Task requirements
When you reach the line with "Executive-Doppelzimmer, 1 Queen-Bett" in the records below, begin transcribing exactly and continue up to and including the line with "تمرین پرسش و", leaving out every picture.
---------- Data section ----------
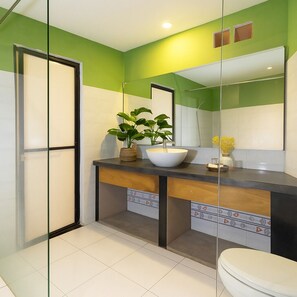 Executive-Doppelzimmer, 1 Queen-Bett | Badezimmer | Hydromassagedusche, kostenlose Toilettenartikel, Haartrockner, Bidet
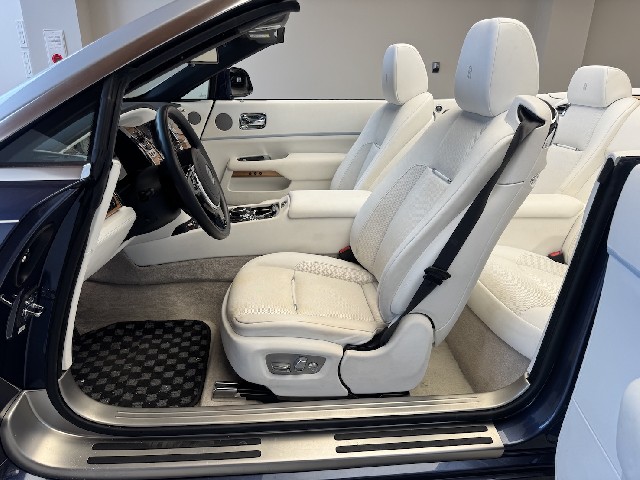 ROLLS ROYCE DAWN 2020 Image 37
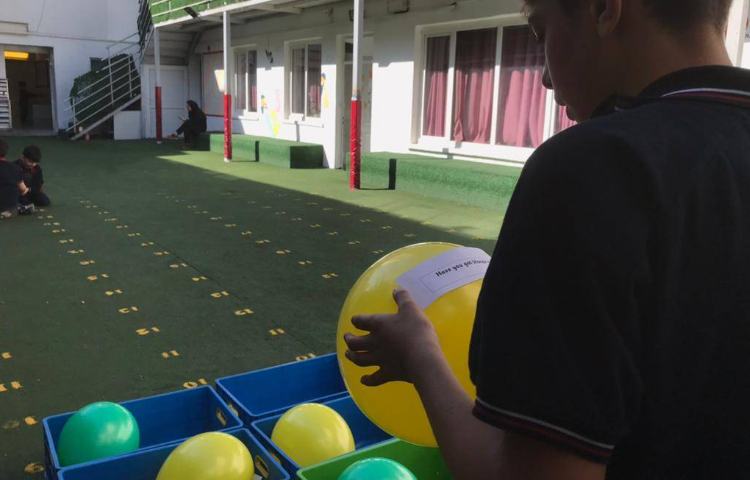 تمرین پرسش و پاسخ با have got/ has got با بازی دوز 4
----------
---------- Data section ----------
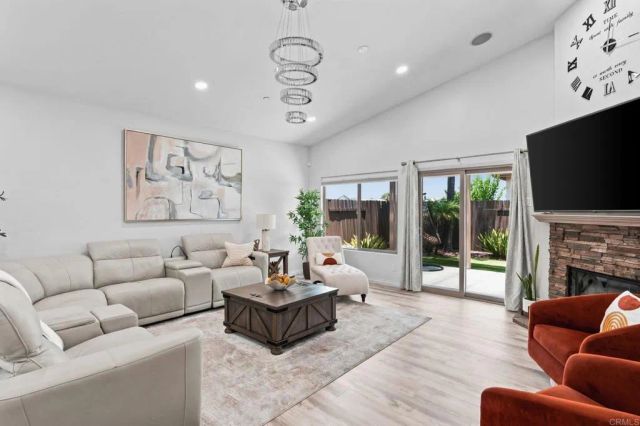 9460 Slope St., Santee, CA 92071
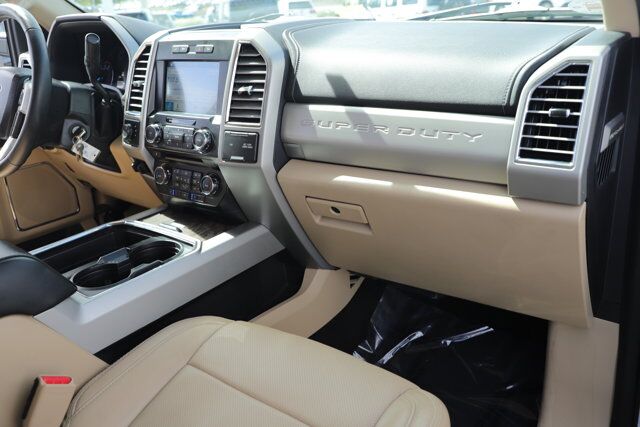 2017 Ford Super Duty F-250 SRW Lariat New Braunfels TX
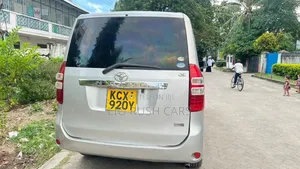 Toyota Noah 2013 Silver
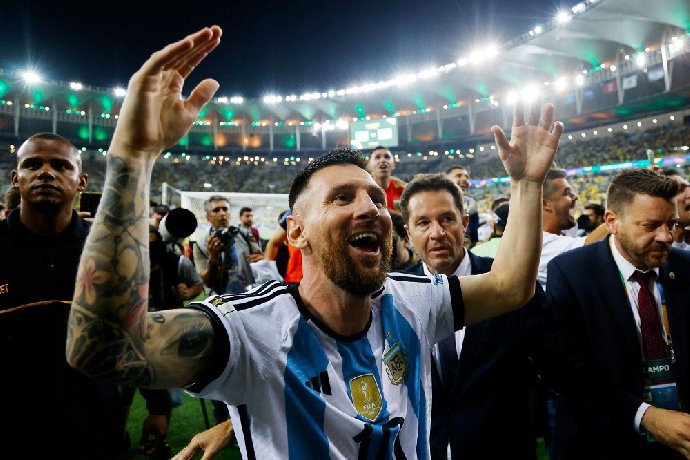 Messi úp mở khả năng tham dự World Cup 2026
----------
Answer
 Executive-Doppelzimmer, 1 Queen-Bett | Badezimmer | Hydromassagedusche, kostenlose Toilettenartikel, Haartrockner, Bidet
 ROLLS ROYCE DAWN 2020 Image 37
 تمرین پرسش و پاسخ با have got/ has got با بازی دوز 4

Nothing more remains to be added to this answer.